What is being asked:
Starting with the line that holds "Muro attrezzato in" and stopping after the line that holds "Popular PP Plastic", repeat the lines below word for word, without the pictures.

Supplied records:
┌────────

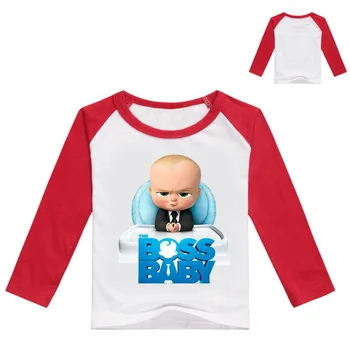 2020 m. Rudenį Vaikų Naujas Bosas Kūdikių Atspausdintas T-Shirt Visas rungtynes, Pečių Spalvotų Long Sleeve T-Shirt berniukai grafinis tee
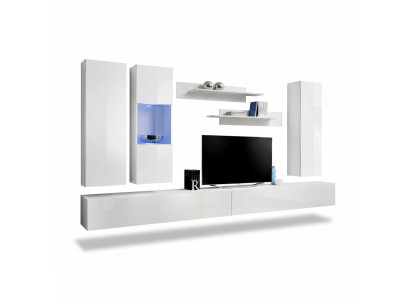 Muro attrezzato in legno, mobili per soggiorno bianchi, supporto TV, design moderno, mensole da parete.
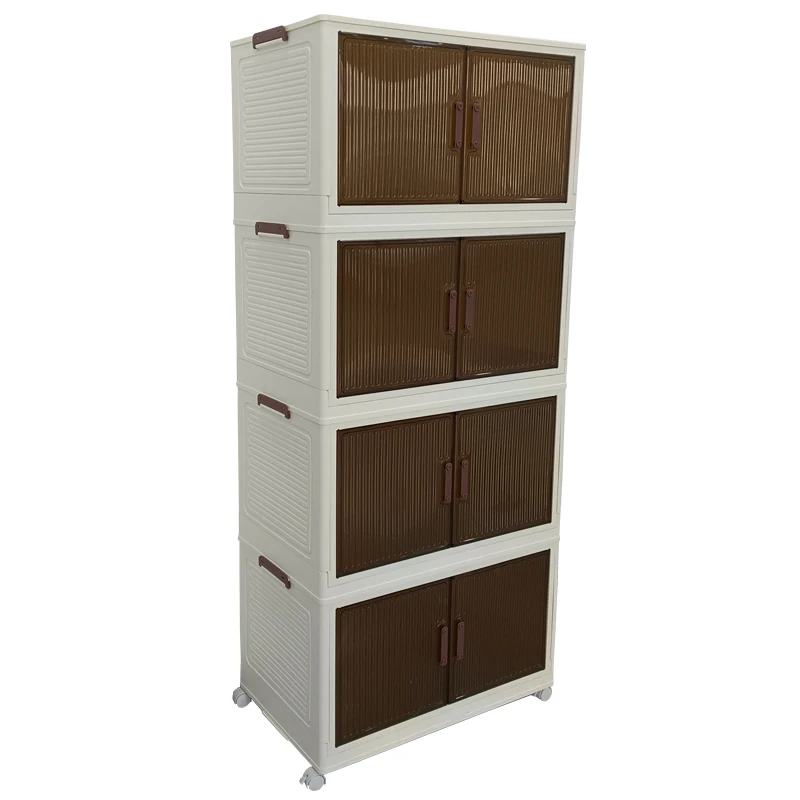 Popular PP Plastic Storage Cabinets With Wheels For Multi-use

└────────
┌────────

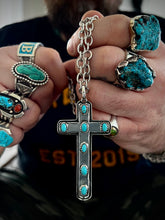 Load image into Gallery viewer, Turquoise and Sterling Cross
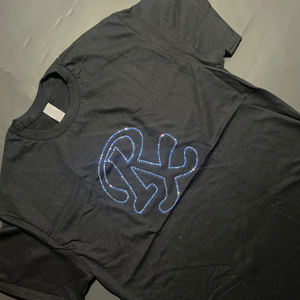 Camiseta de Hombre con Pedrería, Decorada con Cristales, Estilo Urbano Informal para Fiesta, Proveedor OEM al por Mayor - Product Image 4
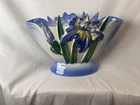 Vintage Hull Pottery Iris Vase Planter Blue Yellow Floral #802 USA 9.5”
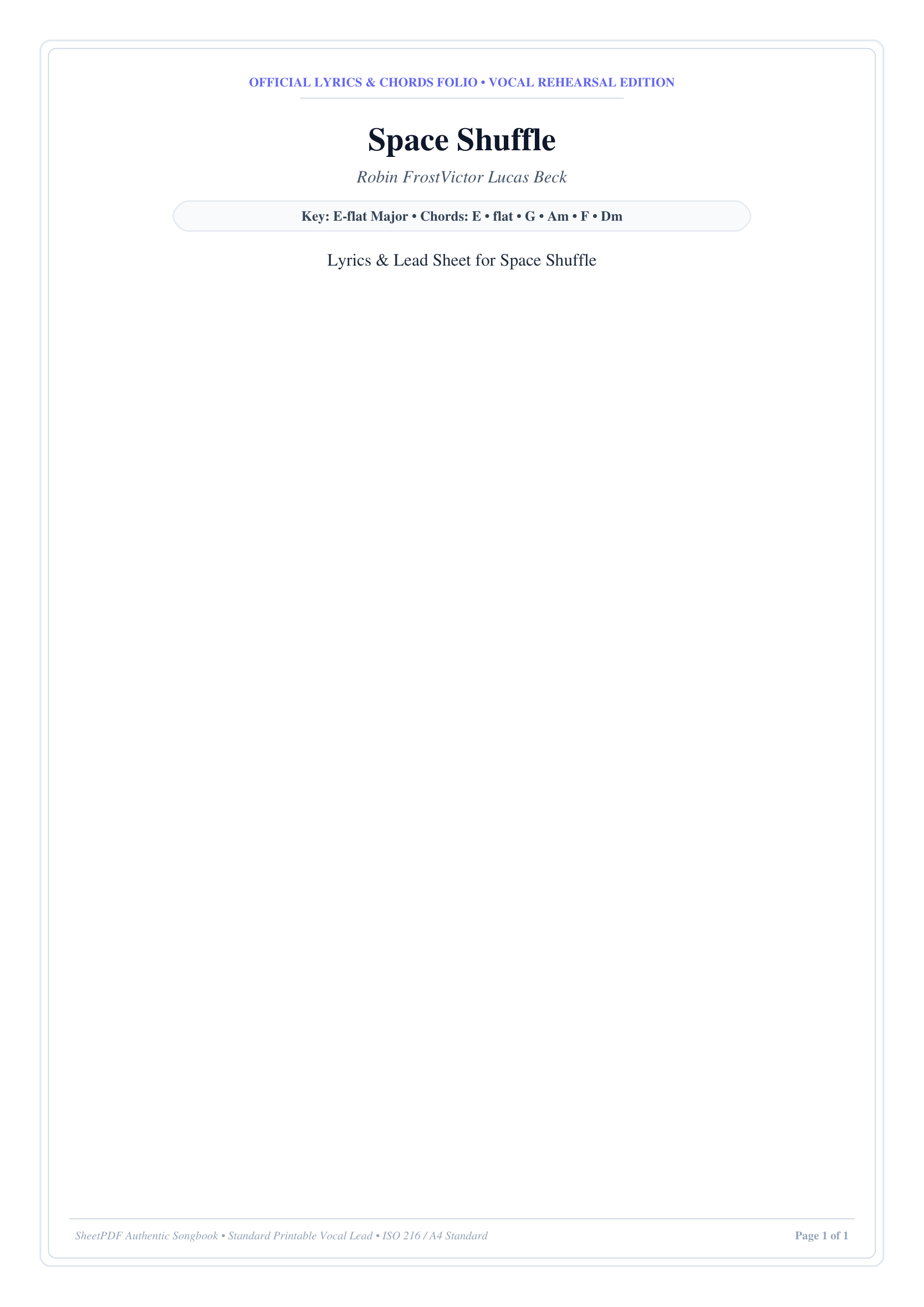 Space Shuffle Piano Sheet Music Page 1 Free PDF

└────────
┌────────

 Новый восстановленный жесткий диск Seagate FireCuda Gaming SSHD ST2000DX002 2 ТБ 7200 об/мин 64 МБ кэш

└────────

Final answer:
 Muro attrezzato in legno, mobili per soggiorno bianchi, supporto TV, design moderno, mensole da parete.
 Popular PP Plastic Storage Cabinets With Wheels For Multi-use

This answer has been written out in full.